The double-entendre wasn’t lost on her or her libido. “Your timing is off. I was about to leave when you smacked me in the face with that thing.”
He suddenly stood and cupped her chin. When he turned her head to the left and right, Grace was too stunned to move. Apparently satisfied, he smiled. “You’re too pretty to be bruised.”
“Thanks,” she said. Escape. She had to escape. The man was lethal and way out of her league. She liked simple guys. Guys she could easily handle. Jackson was neither. She started around him. “It was nice meeting you,” she tossed over her shoulder.
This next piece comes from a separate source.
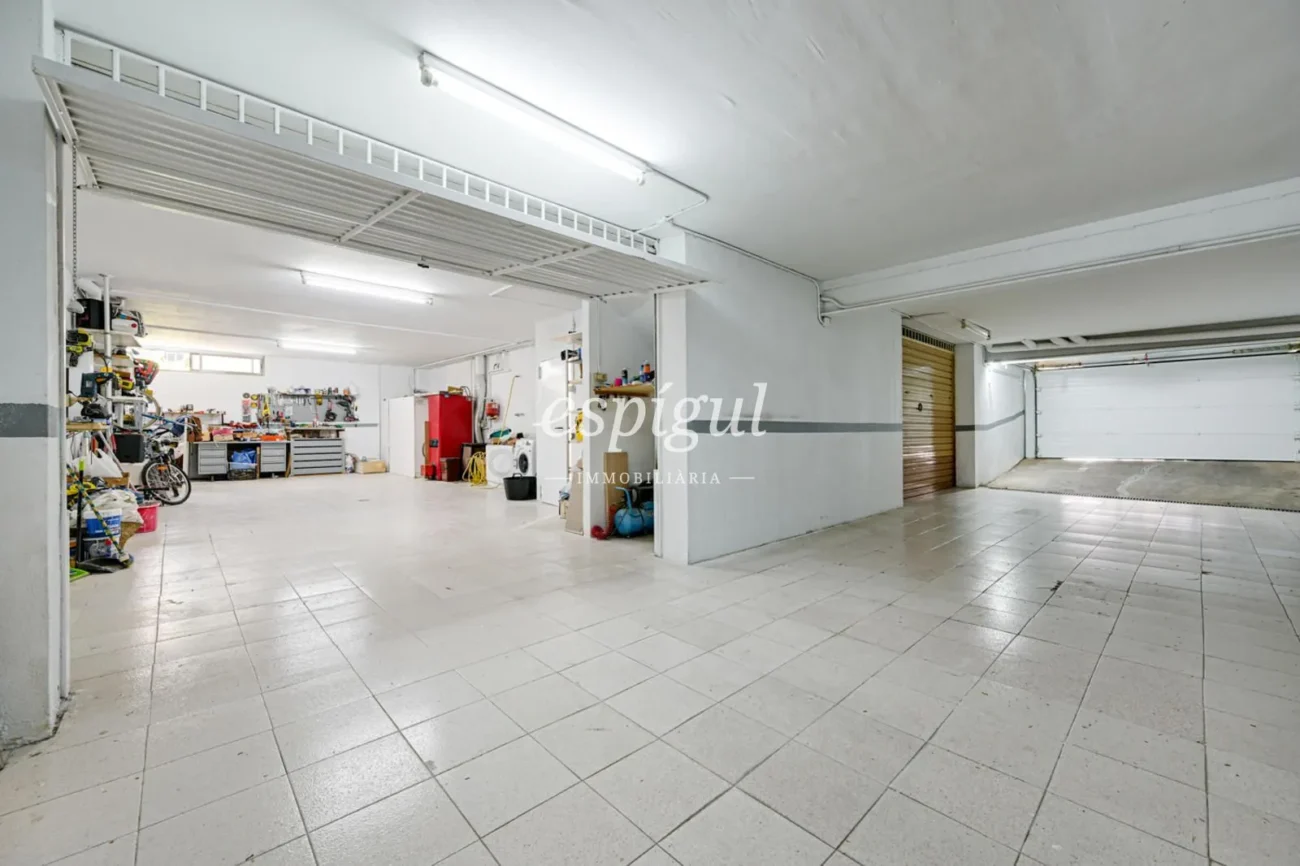 Encantadora casa pareada en Tiana con jardín privado, buhardilla y vistas al mar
“Maybe one of these days you’ll play with me, Gracie.”
His words caught her, and she froze. It took all her strength to get her feet moving again. She didn’t think she breathed until she sat behind the wheel. Grace looked down at her hands and they actually shook. “He’s just a guy, quit acting like such a girl,” she chastised herself.
It was a good five minutes before she could pull the keys out of her pocket and start the car. His words played over and over in her head.